PROBLEM:
Reproduce exactly the entries from the "Gutschein: Fnf Mark" line to the end. Skip all pictures.
------ GIVEN ENTRIES ------
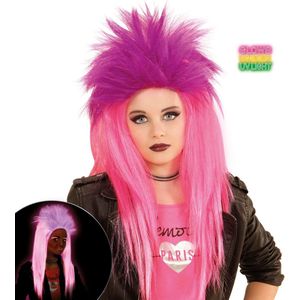 Widmann - Punk & Rock Kostuum - Neon Rock Pruik, Kind Punk Roze - Paars, Roze - Carnavalskleding - Verkleedkleding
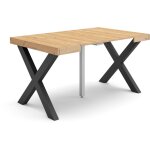Skraut home - table console extensible, console meuble, 140, pour 6 personnes, pieds bois massif, style ...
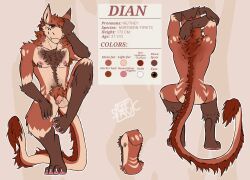 2024 4_toes absurd_res anthro armpit_hair body_hair chest_hair dian dian_(dian) english_text fangs feet flaccid fur genitals hair hi_res male mammal model_sheet paws penis pubes red_body red_fur red_hair signature solo spots tail tail_tuft tattoo teeth text tipiets toes tuft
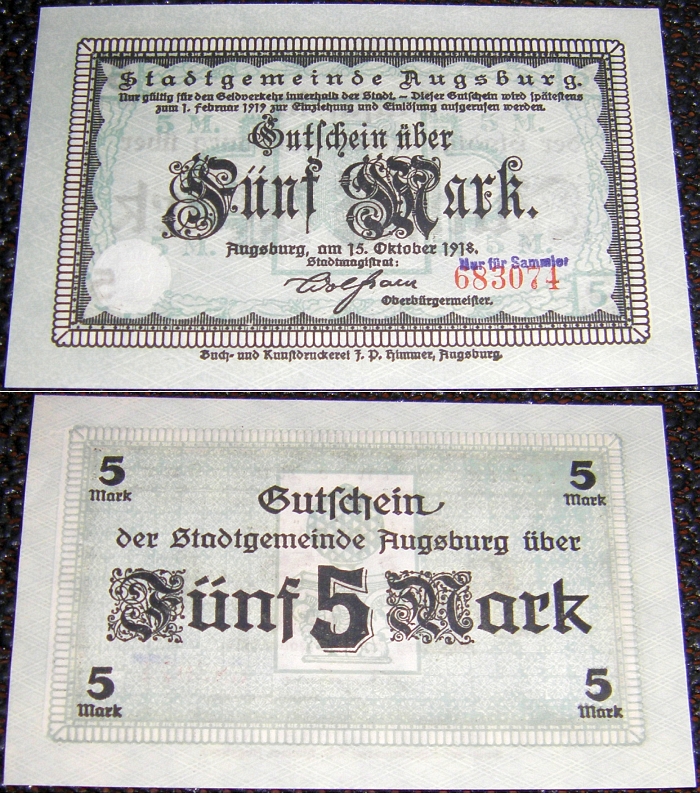 Gutschein: Fnf Mark AUGSBURG 1918; Stdtegeld, Bayern - 13,00 Eur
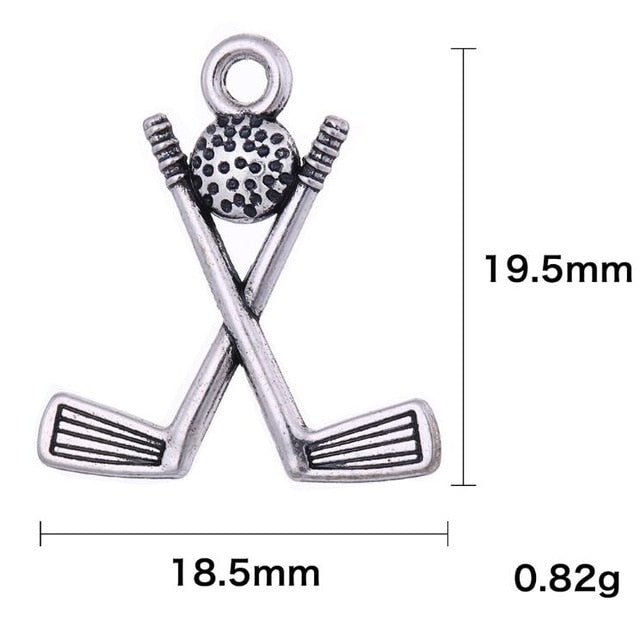 Golf Stick Ball Charm Pendant Necklace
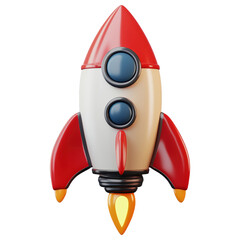 A red and white rocket is flying through space isolated on transparent or white background, png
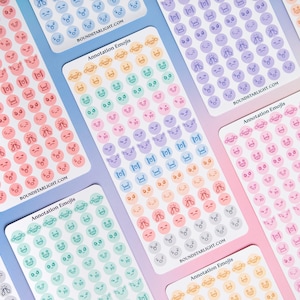 Pastel Emoji Stickers, Book Annotation Supplies, Mood Tracker Stickers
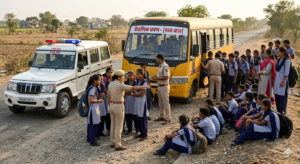 परिभ्रमण पर ले गए छात्रों को बीच रास्ते छोड़कर लौटे शिक्षक, पुलिस ने पहुंचाया गंतव्य तक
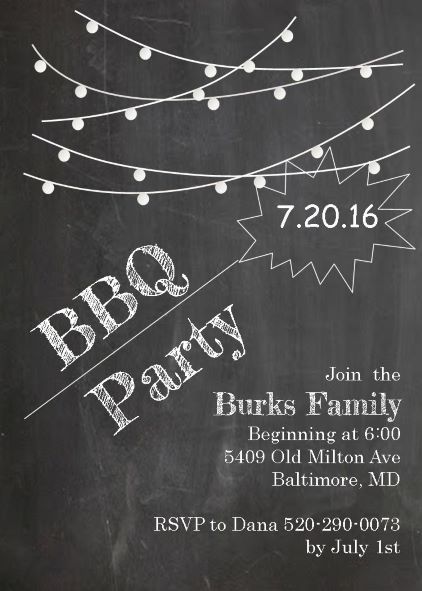 Lights on Chalkboard - BBQ Party Invitations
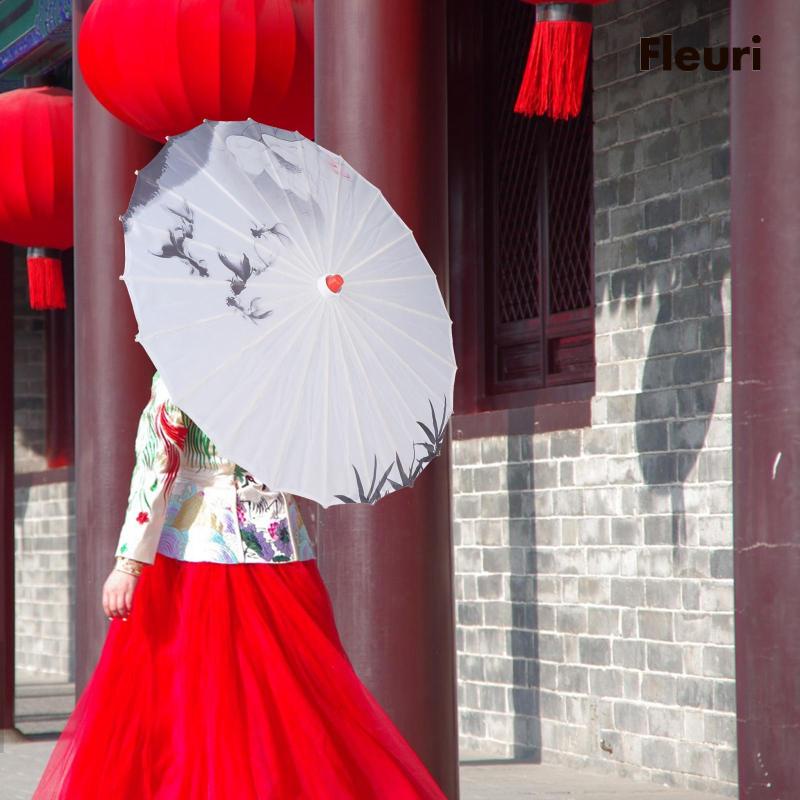 Dù Giấy Dầu Lụa Phong Cách Phương Đông Trung Hoa Dành Cho Nữ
------
COMPLETED EXERCISE:
 Gutschein: Fnf Mark AUGSBURG 1918; Stdtegeld, Bayern - 13,00 Eur
 Golf Stick Ball Charm Pendant Necklace
 A red and white rocket is flying through space isolated on transparent or white background, png
 Pastel Emoji Stickers, Book Annotation Supplies, Mood Tracker Stickers
 परिभ्रमण पर ले गए छात्रों को बीच रास्ते छोड़कर लौटे शिक्षक, पुलिस ने पहुंचाया गंतव्य तक
 Lights on Chalkboard - BBQ Party Invitations
 Dù Giấy Dầu Lụa Phong Cách Phương Đông Trung Hoa Dành Cho Nữ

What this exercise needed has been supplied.